There are plenty of problems with ASPI, but this isn't one of them. It's correctly measuring velocity, whereas you are mistakenly assuming it's measuring displacement.
 
Last edited:

kentchang

Junior Member
Registered Member
It says China has a 63%-7% lead in "advanced aircraft engines", which I think is misleading given that China's first civilian jet engine is not even in service whereas the likes of GE have been leading the field for decades.

It also says China has a lead in "space launch systems" despite the U.S. having a reusable launch system in the Falcon 9 and now Starship being close, whereas China is still launching mostly hypergolic rockets.

It also claims China leads in "advanced integrated circuit design and fabrication" despite the fact that the U.S. controls EUV lithography and Nvidia GPUs power data centers worldwide. And it claims India is ahead of Taiwan, the Netherlands, South Korea or Japan in this field. Which boggles the mind, at least as of 2025.

Overall, this report may or may not indicate something about the future but I feel is is very little reflective of current reality. Then again, I don't trust anything that comes out of ASPI, especially about China.

Your interpretation is totally wrong. These are 'leading' indicators. You are using a 'trailing' indicator example. It takes on an average 15 years for research results to be commercialized. Was China very behind in research output in 2010? You bet. That led to the China's engine situation today. These numbers suggest China will dominate commercial aerospace by 2040. If China manages that, would you be surprised? No one would. You are thinking strictly applied engineering, not longer-term basic scientific research.
 

Lethe

Captain
Overall, this report may or may not indicate something about the future but I feel is is very little reflective of current reality. Then again, I don't trust anything that comes out of ASPI, especially about China.

The report does not pretend to have anything to say about the present state of technology deployment.

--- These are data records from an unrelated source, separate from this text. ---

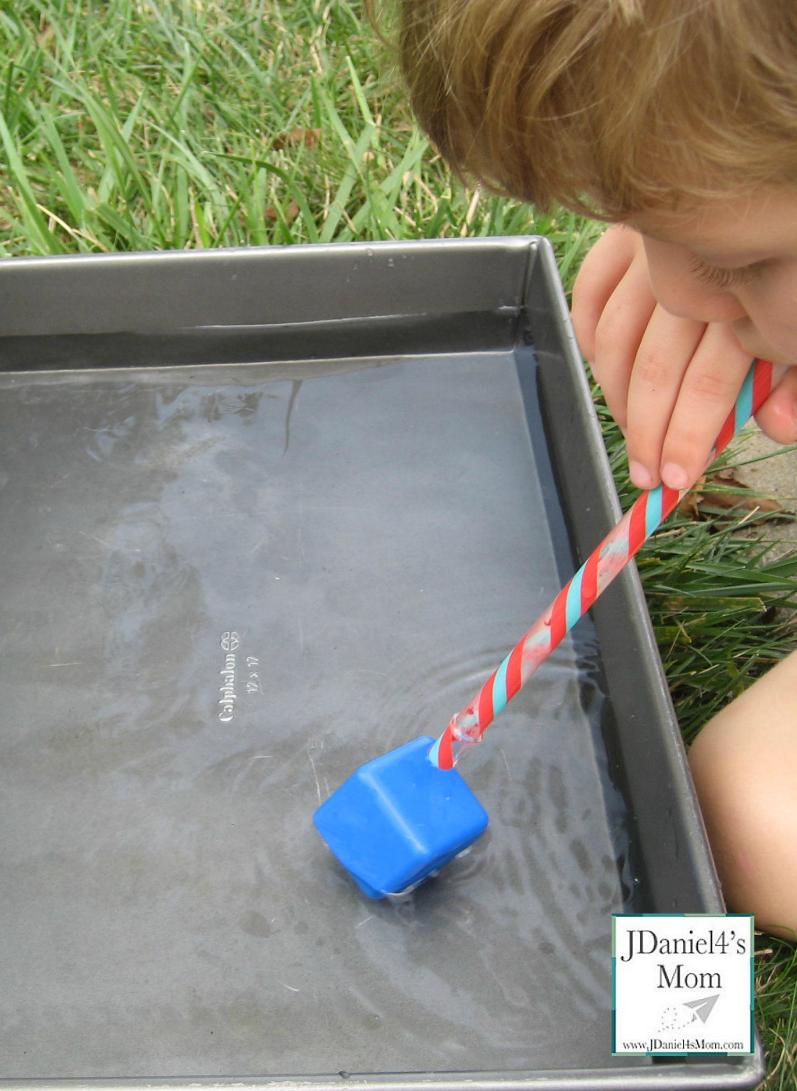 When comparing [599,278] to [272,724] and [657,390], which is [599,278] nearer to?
[657,390]

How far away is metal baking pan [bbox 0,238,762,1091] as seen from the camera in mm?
652

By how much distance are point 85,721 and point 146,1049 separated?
268 millimetres

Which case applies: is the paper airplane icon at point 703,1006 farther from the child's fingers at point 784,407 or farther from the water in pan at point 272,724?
the child's fingers at point 784,407

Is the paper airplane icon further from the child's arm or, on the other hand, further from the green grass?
the green grass

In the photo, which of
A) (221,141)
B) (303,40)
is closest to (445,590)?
(221,141)

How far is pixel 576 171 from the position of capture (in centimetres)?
49

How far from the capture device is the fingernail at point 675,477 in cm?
64

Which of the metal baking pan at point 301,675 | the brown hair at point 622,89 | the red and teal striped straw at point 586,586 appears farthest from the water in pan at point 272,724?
the brown hair at point 622,89

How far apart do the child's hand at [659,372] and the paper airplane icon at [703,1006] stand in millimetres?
315

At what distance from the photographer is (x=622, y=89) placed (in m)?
0.43

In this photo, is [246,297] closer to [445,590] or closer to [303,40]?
[445,590]

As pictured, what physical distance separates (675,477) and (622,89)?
0.90ft

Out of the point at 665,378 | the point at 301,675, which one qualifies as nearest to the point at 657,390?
the point at 665,378

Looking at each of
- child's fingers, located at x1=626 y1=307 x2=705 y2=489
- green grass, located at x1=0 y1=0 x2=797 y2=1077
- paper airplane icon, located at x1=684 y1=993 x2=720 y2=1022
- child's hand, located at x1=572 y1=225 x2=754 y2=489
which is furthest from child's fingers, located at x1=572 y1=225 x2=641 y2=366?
paper airplane icon, located at x1=684 y1=993 x2=720 y2=1022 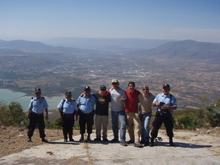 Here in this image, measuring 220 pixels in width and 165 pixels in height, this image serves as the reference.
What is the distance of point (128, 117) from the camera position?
20.6 feet

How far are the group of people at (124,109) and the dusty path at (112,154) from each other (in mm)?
413

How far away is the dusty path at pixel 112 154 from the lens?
4871mm

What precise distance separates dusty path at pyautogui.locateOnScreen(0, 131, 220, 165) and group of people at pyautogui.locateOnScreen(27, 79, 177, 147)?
16.3 inches

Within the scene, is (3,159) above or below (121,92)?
below

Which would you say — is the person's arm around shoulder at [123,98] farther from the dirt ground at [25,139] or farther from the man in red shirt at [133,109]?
the dirt ground at [25,139]

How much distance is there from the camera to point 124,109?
20.9ft

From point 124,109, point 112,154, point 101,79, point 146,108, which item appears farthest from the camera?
point 101,79

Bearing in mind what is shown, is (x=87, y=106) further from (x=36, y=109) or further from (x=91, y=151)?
(x=36, y=109)

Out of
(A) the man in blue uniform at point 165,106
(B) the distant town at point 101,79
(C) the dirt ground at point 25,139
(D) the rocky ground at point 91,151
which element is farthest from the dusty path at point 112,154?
(B) the distant town at point 101,79

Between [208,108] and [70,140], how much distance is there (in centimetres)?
652

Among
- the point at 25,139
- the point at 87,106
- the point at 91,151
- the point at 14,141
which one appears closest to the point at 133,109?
the point at 87,106

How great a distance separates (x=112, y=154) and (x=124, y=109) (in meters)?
1.44

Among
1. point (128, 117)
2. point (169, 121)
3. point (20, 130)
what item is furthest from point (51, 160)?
point (20, 130)

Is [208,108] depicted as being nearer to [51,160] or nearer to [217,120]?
[217,120] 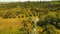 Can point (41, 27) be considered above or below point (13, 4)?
below

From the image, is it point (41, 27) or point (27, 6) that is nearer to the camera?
point (41, 27)

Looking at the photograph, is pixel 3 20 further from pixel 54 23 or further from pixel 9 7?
pixel 54 23

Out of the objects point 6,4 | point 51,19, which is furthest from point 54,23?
point 6,4

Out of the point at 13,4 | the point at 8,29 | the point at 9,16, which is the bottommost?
the point at 8,29

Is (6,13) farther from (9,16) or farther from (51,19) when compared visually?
(51,19)

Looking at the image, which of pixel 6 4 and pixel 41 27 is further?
pixel 6 4

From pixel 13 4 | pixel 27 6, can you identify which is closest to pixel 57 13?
pixel 27 6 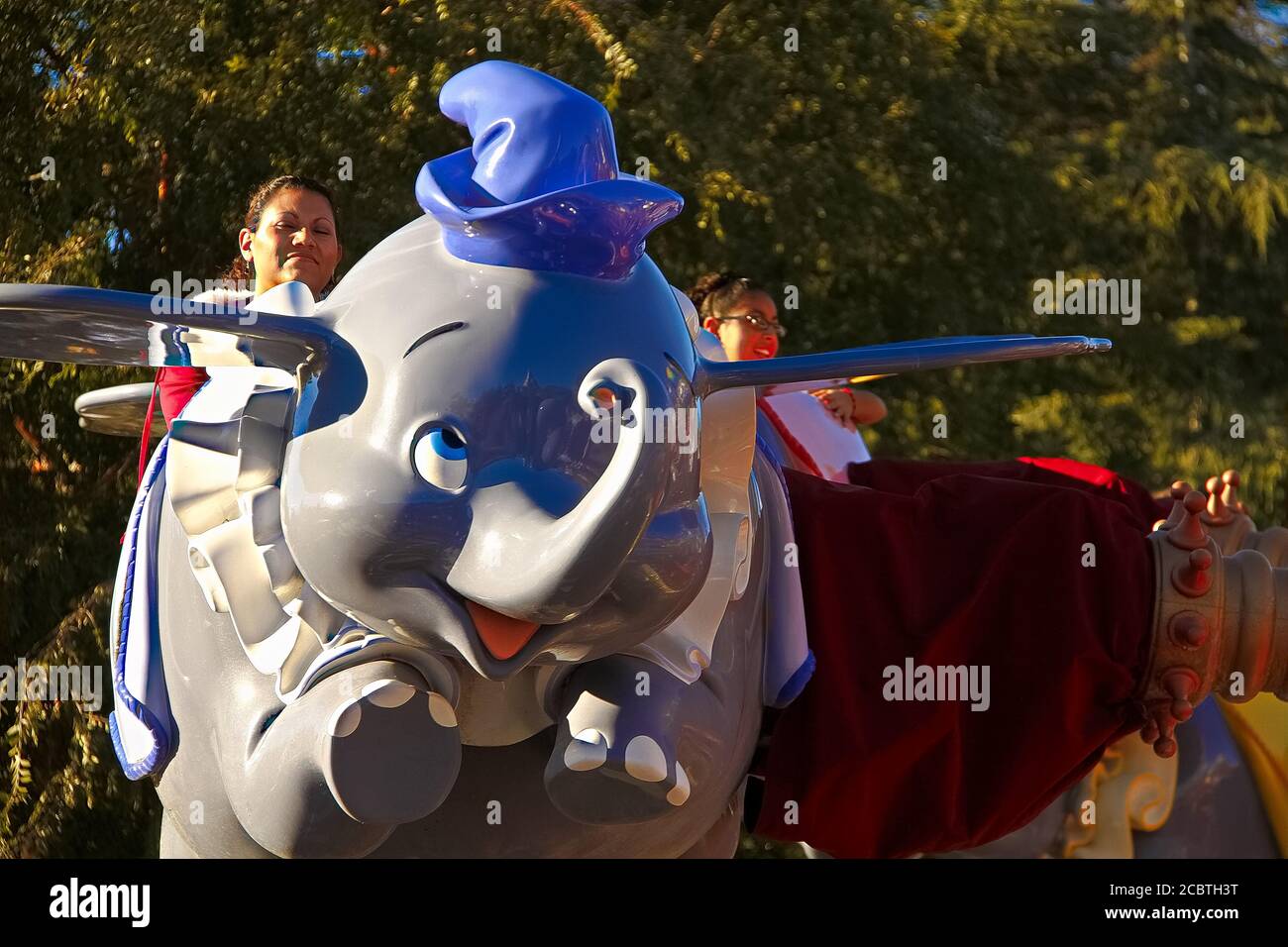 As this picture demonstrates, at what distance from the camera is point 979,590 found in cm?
257

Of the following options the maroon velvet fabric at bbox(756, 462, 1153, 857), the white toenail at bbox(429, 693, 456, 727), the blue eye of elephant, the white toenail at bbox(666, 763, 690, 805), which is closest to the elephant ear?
the blue eye of elephant

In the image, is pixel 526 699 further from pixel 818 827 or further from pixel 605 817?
pixel 818 827

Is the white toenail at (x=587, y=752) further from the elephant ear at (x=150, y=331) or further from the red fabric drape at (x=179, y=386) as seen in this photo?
the red fabric drape at (x=179, y=386)

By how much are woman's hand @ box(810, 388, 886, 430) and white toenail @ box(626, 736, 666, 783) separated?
137 cm

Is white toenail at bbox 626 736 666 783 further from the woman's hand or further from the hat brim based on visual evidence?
the woman's hand

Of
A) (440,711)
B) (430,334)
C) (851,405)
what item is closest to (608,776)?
(440,711)

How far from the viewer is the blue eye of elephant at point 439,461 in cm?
193

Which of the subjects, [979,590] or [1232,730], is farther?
[1232,730]

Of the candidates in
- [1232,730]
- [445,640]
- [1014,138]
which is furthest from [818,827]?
[1014,138]

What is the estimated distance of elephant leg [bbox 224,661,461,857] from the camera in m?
2.02

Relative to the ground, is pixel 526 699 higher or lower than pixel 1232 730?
higher

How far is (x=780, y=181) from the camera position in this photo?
4.68 meters

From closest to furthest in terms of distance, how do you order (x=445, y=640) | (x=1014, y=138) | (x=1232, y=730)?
(x=445, y=640) → (x=1232, y=730) → (x=1014, y=138) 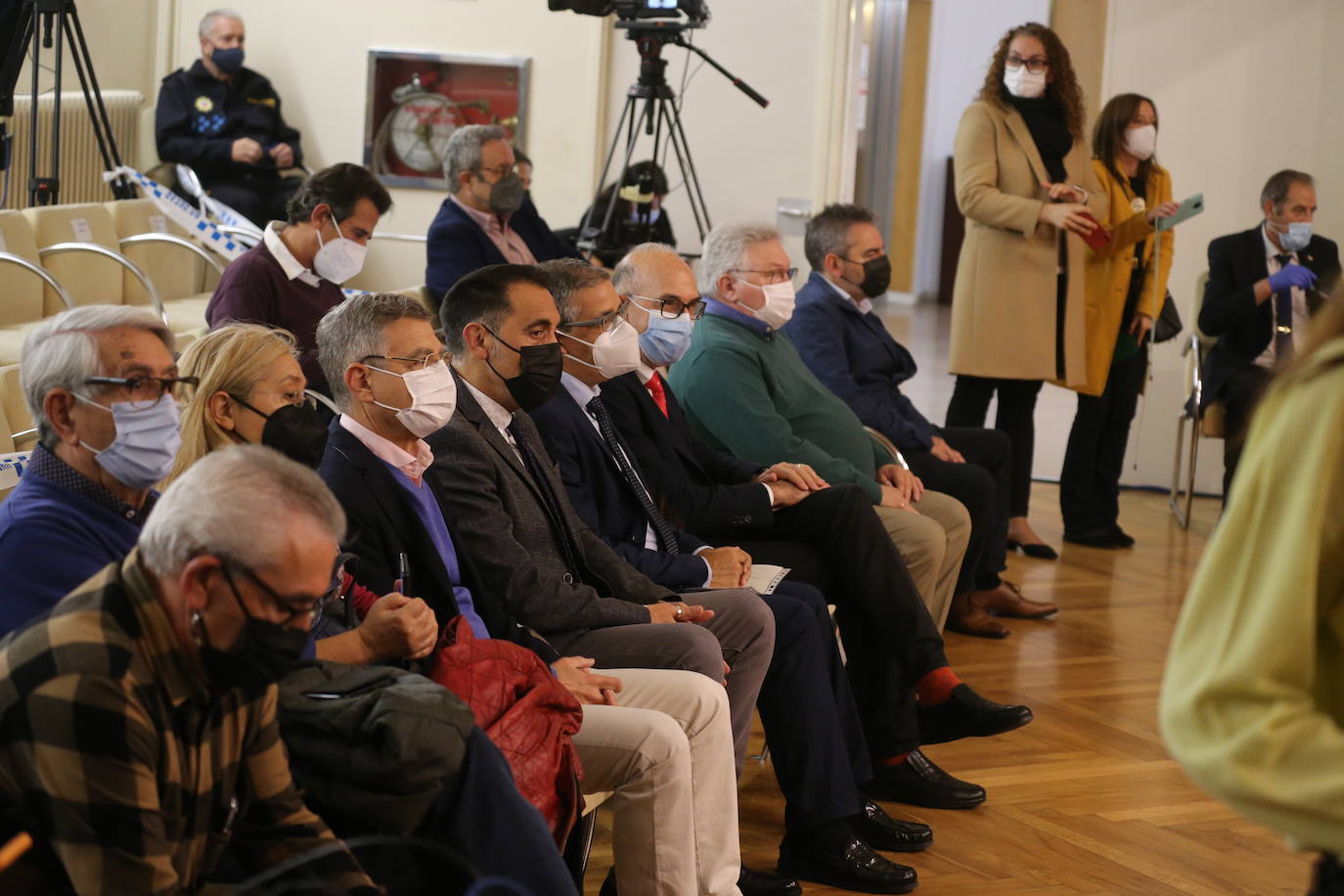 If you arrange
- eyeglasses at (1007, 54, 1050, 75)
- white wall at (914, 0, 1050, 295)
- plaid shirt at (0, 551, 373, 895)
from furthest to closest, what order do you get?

The road from research papers to operational capabilities (commercial or otherwise) is necessarily a lengthy, convoluted and contingent one. The full text of the report acknowledges many of these limitations and nuances, which is why I linked it and suggested folks read it.

That China's high-impact published research into advanced aircraft engines over the 2019-2023 period outweighs that of the United States by 9:1, with all of the top ten publishing institutions in this field being Chinese, does not suggest that China's current engine technology matches that of the United States. It does not even suggest that its engine technology will match or exceed that of the United States in the forseeable future. What it does suggest, even allowing for the likelihood that a greater proportion of relevant US research goes unpublished, is that there is a very high-level of research activity in this field within China, and that we can reasonably expect China's operationalised capabilities to at least close the gap over time relative to those of the United States. There is no straight line from the number of high-impact research papers to world-leading capabilities, but it is also wildly implausible to imagine that there is no real-world correlation or future implications to be drawn from the transition over the past two decades from an almost entirely US-led spectrum of research (US led in 60 of 64 categories over the period 2003-2007) to today's largely China-led spectrum of research.

As ASPI
Please, Log in or Register to view URLs content!
, the CTT implies that, far from seeing DeepSeek as some ahistorical Black Swan phenomenon that could not reasonably have been anticipated, the trends noted here suggest that we should expect China to increasingly approach, and in some cases exceed, the global state of the art across various technology domains -- to deliver more DeepSeek and J-36 moments going forward. ASPI mostly functions as a mouthpiece for the American empire, but that doesn't mean they don't occasionally produce useful material.